Making Props for Game Immersion

Creating immersion can be as difficult as building a set for theatre… with as much work too.

Previously, I talked about using props in games to create a deeper immersion. Today, I’m going to talk about creating some props you can use in those games. Most of what I will include will be tips and tricks, but most importantly, I will include some instruction links, some resource links that we use, and a YouTube video I have found most helpful. I’m also going to include tips and tricks to help things not be super messy. First up, we’ll cover making real props for the day that we get to go back to face to face gaming (after we get past all this COVID business).

Physical Props

One of the most common props used at a gaming table are stained and burned letters. In order to make these, you’re going to need a cookie sheet, plastic wrap, some coffee or tea, a white wax crayon, a blue wax crayon,  and heavy weight paper or card stock. I typically don’t use standard copier paper because it’s flimsy when wet and tends to get brittle when it dries. Cardstock will stand up the most, but will also take the longest to do. Heavy weight paper is typically a fair middle ground.

To stain, you’re going to place a cookie sheet down, then plastic wrap to cover it. Don’t make the plastic wrap completely flat, instead let it wrinkle and crumple slightly, this will be important later. Next you’re going to create your stain mix, I typically use tea or coffee. Used is perfectly fine and is often even better as long as it’s not sugared. Sugar is bad for this. I typically use a one-to-one ratio, one tablespoon of coffee to one cup of hot water and then let it steep to a darker shade than the end result desired (the white of the paper will lighten it). For example if you want a light brown, make sure you steep to a medium brown. You can also use strips of identical paper to do dip tests to check the coloring. The shade will also get lighter as it dries. 

To create white splotches in your paper, use the white wax crayon to create them. Use it on both sides if you want it to stay mostly white, or just on one side if you just want a faded effect. Make sure you only use a light pressure with the crayon, and feel free to experiment. Note also that “imperfections” or irregular shapes look better than neat ones. Staining the paper is as simple as pouring. You lay the paper down on the prepared cookie sheet and then just slowly pour the coffee or tea. If you want the wave ripple, you pour on one side and then fan it across the paper so that the paper is affected by the wrinkle of the plastic wrap. 

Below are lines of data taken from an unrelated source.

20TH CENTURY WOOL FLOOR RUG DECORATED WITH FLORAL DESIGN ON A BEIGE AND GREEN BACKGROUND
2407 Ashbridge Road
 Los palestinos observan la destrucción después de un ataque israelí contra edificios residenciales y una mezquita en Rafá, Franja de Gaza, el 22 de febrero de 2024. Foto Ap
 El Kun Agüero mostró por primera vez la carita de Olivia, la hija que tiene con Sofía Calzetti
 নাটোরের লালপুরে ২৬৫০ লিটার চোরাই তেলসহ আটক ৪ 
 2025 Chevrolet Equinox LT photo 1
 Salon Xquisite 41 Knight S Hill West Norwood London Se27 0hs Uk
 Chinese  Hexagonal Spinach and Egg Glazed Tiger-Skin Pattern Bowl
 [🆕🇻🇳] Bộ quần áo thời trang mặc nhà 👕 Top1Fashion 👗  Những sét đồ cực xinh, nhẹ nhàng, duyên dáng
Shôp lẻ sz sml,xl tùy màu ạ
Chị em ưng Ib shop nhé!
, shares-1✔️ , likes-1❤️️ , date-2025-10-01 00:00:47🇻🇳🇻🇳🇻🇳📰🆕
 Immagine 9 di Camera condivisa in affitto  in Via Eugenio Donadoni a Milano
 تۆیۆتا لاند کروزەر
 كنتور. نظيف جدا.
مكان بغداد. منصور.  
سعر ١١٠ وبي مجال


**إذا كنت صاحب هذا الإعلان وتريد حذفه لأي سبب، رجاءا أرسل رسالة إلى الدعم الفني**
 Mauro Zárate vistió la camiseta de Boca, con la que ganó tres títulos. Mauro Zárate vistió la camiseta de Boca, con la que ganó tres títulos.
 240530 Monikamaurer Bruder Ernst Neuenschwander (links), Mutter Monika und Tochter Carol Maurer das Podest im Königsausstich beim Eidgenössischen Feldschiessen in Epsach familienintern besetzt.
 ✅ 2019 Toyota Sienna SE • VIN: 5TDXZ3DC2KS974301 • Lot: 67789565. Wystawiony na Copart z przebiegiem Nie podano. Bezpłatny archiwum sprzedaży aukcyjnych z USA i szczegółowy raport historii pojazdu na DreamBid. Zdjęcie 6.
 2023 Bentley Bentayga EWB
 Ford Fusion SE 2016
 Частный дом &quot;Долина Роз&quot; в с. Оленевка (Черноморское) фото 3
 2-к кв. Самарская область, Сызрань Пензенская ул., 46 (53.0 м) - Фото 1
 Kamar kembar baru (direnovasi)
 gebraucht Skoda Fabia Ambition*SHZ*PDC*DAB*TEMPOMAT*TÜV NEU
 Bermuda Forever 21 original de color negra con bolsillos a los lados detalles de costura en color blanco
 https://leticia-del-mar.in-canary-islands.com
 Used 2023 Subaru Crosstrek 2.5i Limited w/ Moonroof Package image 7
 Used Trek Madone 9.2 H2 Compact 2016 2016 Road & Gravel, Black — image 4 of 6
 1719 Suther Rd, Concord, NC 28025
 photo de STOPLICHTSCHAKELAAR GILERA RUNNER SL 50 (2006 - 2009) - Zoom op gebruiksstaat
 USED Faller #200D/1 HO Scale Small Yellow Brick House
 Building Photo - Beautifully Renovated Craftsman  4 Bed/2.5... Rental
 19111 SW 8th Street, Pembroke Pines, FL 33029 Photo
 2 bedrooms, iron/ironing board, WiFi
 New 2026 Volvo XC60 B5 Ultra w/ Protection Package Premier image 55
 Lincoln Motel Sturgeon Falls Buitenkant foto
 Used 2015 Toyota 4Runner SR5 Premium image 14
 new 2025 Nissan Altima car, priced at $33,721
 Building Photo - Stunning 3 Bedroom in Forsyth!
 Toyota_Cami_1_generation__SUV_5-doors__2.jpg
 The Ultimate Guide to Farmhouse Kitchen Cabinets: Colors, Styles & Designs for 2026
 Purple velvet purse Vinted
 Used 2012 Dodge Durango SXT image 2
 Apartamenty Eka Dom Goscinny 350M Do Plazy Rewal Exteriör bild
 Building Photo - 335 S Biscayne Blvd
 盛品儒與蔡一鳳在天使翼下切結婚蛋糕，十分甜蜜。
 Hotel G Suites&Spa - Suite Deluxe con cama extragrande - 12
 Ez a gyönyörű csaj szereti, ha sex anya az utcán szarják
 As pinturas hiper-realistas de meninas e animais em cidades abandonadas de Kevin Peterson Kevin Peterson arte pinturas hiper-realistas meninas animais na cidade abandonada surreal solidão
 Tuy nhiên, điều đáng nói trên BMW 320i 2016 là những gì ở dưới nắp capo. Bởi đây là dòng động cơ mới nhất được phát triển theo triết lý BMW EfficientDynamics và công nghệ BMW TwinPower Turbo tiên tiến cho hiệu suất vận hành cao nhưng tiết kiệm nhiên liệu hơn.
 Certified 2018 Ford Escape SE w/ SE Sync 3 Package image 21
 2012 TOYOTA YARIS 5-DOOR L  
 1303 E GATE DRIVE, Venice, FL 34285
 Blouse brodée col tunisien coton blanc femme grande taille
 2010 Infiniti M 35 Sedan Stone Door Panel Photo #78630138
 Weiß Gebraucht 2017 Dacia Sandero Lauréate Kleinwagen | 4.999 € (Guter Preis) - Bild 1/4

To burn the recently made parchment paper first it needs to be completely dry. You want to make that nice edging burn, for this you’ll use the blue crayon. What you want to do is mark where you want the burn to end with a dark blue line. Then slowly you burn the paper to that point. Wax melts at a lower temperature than paper burns, so when the wax starts melting you know to put the fire out. It also helps you keep from setting the entire paper on fire. After that it’s just a matter of writing the letter. Here is a link on WikiHow on how to do this as well as a YouTube video below

Other props can be both time consuming and money intensive, from tokens/coins all the way up to intricate 3-D printed props or hand-crafted models. Make sure you take the time to do thorough research before you leap into it. My favorite place for doing that with traditional crafts is Pinterest. Creating an account is free and there are tons of people who share crafting and prop-making ideas there (not to mention the photos and character concept art which is the biggest reason we use it). For the other things, I would look at some more technical blogs. There are many “specialist bloggers/vloggers” that do fantastic work with crafting and prop-making, some specifically in the tabletop roleplaying space. I’m not going to go into specific detail here because I would be here for hours covering all the props you can make. 

Digital Props

Josh and I typically use Roll20 for our digital games, and in them is the Handout. The beauty of the Handout is that you can include images in place of just writing in the text, so you can make a digital version of your letter or note, then give it to the player. I’m not a great artist, so I use places like Pixabay for my art, or I manipulate photographs into unique looks when I need to give them a picture of what they’re looking at using tools like GIMP or Artbreeder. Making digital props can be as complicated or as easy as you want to make it.  Another great tool to combine in with doing this is TokenTool from RPTools that allows you to create digital tokens for use on maps using your own images. So if you find character art or cool monsters on Pinterest and want to use them digitally in your games, it’s a great help.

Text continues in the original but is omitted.